Ada 2012 RM - Comments and String Literals


I am journeying through the Ada 2012 RM and would like to see if there is a hole in my understanding or a hole in the RM. Assuming that

    put_line ("-- this is a not a comment");

is legal code, how can I deduce its legality from the RM, since section 2.7 states that "a comment starts with two adjacent hyphens and extends up to the end of the line.", while section 2.6 states "a string_literal is formed by a sequence of graphic characters (possibly none) enclosed between two quotation marks used as string brackets." It seems like there is tension between the two sections and that 2.7 would win, but that is apparently not the case.


Solution

  • To get a clearer understanding here, you need to have a look at section 2.2 in the RM.

    2.2 (1), which states;

    The text of each compilation is a sequence of separate lexical elements. Each lexical element is formed from a sequence of characters, and is either a delimiter, an identifier, a reserved word, a numeric_literal, a character_literal, a string_literal, or a comment. The meaning of a program depends only on the particular sequences of lexical elements that form its compilations, excluding comments.

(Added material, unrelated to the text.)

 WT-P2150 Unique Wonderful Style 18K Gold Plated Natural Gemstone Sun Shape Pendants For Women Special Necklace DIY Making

    And 2.2 (3/2) which states:

    "[In some cases an explicit separator is required to separate adjacent lexical elements.] A separator is any of a separator_space space character, a format_effector format effector, or the end of a line, as follows:

    A separator_space space character is a separator except within a comment, a string_literal, or a character_literal.

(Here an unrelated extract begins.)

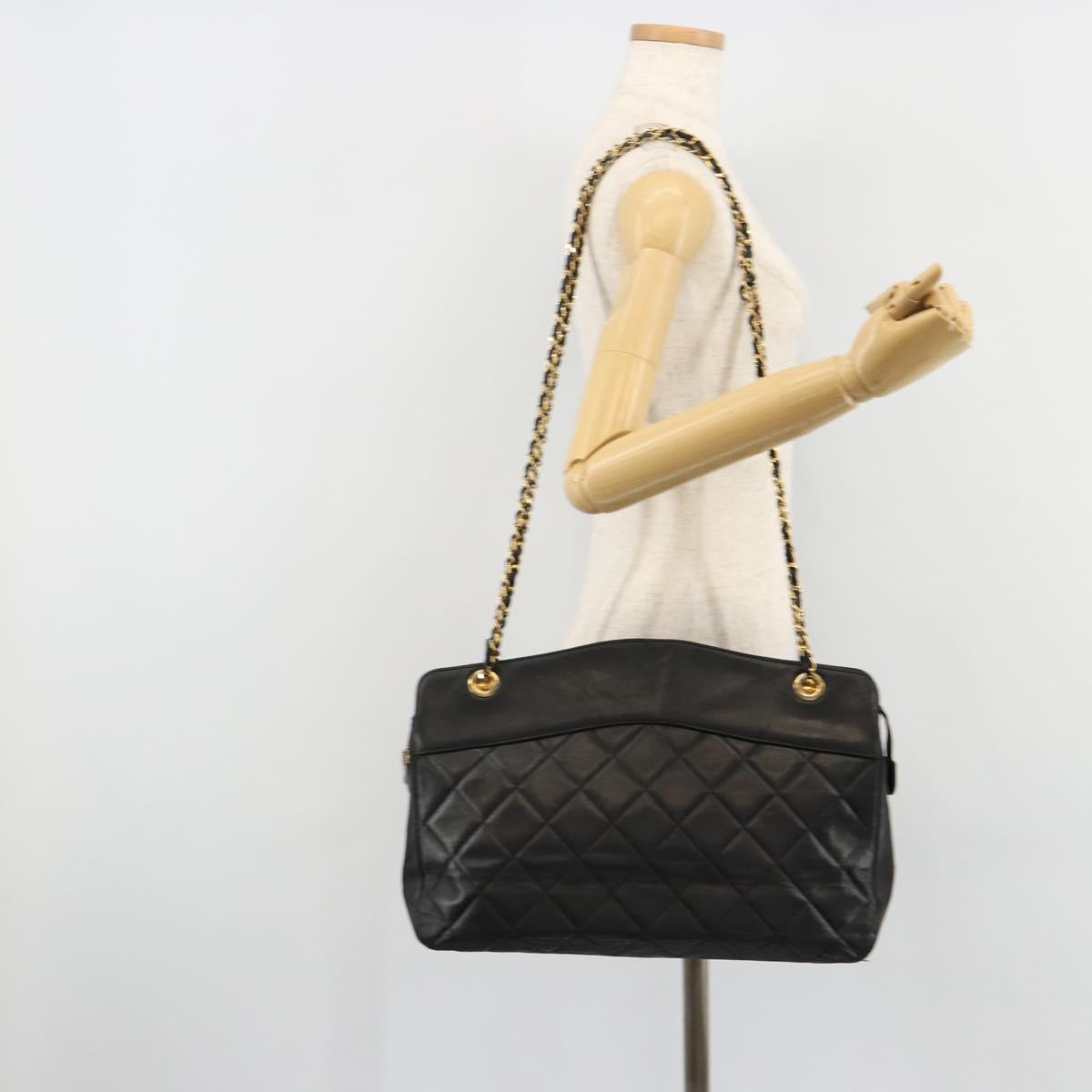 CHANEL Matelasse Chain Shoulder Bag Lamb Skin Black Gold CC Auth bs35173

    The character whose code point position is 16#09# (CHARACTER TABULATION) Character tabulation (HT) is a separator except within a comment.

    The end of a line is always a separator.

    One or more separators are allowed between any two adjacent lexical elements, before the first of each compilation, or after the last."

    and

    A delimiter is either one of the following special characters:

    &    '    (    )    *    +    ,    –    .    /    :    ;    <    =    >    |
    

    or one of the following compound delimiters each composed of two adjacent special characters

    =>    ..    **    :=    /=    >=    <=    <<    >>    <>
    

    Each of the special characters listed for single character delimiters is a single delimiter except if this character is used as a character of a compound delimiter, or as a character of a comment, string_literal, character_literal, or numeric_literal.

    So, once you filter out the white-space of a program text and break it down into a sequence of lexical elements, a lexical element corresponding to a string literal begins with a double quote character, and a lexical element corresponding to a comment begins with --.

    These are clearly different syntax items, and do not conflict with each other.

    This also explains why;

    X := A - -1
          + B;
    

    gives a different result than;

    X := A --1
           + B;
    

    The space separator between the dashes makes the first minus a different lexical element than the -1, so -1 is a numeric literal in the first case, while the --1 is a comment.